The Financial Times review describes this perfectly as ‘an exceptional act of literary espionage’ – the reader gets to share the reward and evident delight of the authors’ scholarly detective work when the missing pieces of each story join up, shedding new or different light on circumstances previously unknown or subject to misinterpretation.  This gives each account the satisfying tension of a well-crafted piece of fiction and was such a crucial element of my enjoyment that I’m deliberately taking a wide-angle approach in order not to dilute it for anyone.   It definitely doesn’t matter how much or how little you already know of the ‘characters’ or their work – you’re likely to come away wanting to seek out or revisit them regardless.

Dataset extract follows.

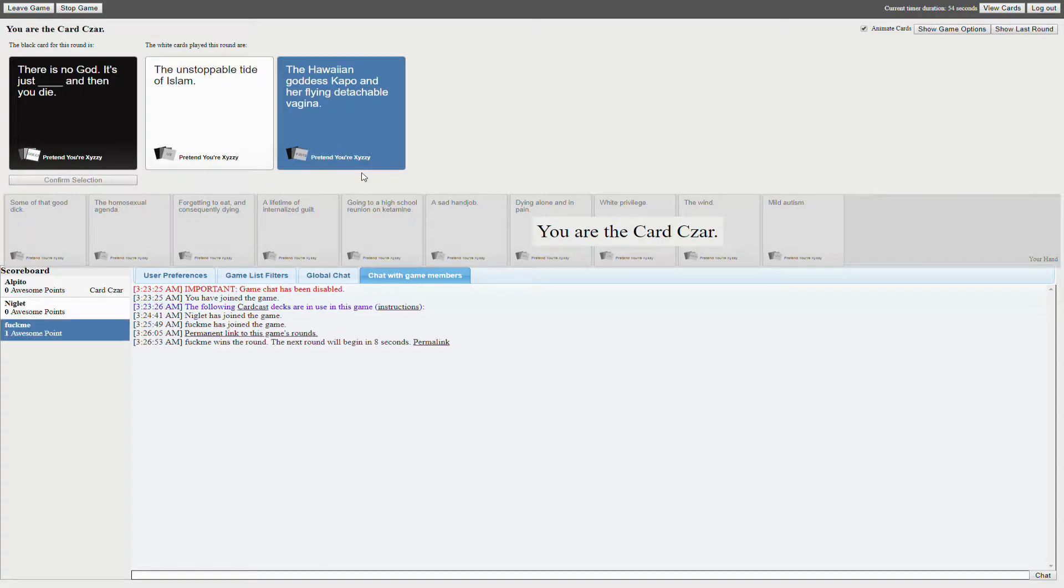Well, that one's gonna win. Flying detachable vagina.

Given that even the most recent literary liaison between Woolf and Mansfield took place almost a century ago, it was essential to convey the ambience and context of each historical period and the authors certainly achieved this with ‘telling’ detail and elegant literary prose.  Many of the issues faced by the women were directly related to the times they lived in but the ongoing relevance of some gives this book a surprisingly modern feel: men’s achievements, experience and ideas are still considered more important and taken more seriously than those of women, who continue to be judged on more superficial criteria and pre-conceptions.  I admire the authors’ integrity and refusal to airbrush aspects of the protagonists’ behavior and personalities for which women are liable to be judged differently to men: we are no less prone to ambition and desire, envy, despair and vindictiveness.  This is a book about humans, not heroines, and all the stronger for that.

My final observation, which will resonate with many who read this book as writers, concerns the timeless nature of the impulse to create and express oneself, the meaning it brings and the intense joy and pain so familiar to anyone on that path.   We will never be Jane Austen or Virginia Woolf, but this book is a reminder that it’s something to be who we are, to say what we want to say, especially if we don’t have to go it alone.

This post is dedicated with love and gratitude to my wonderful literary (and all kinds of) friend Kristin Celms from Minneapolis – I would never have made it this far without her.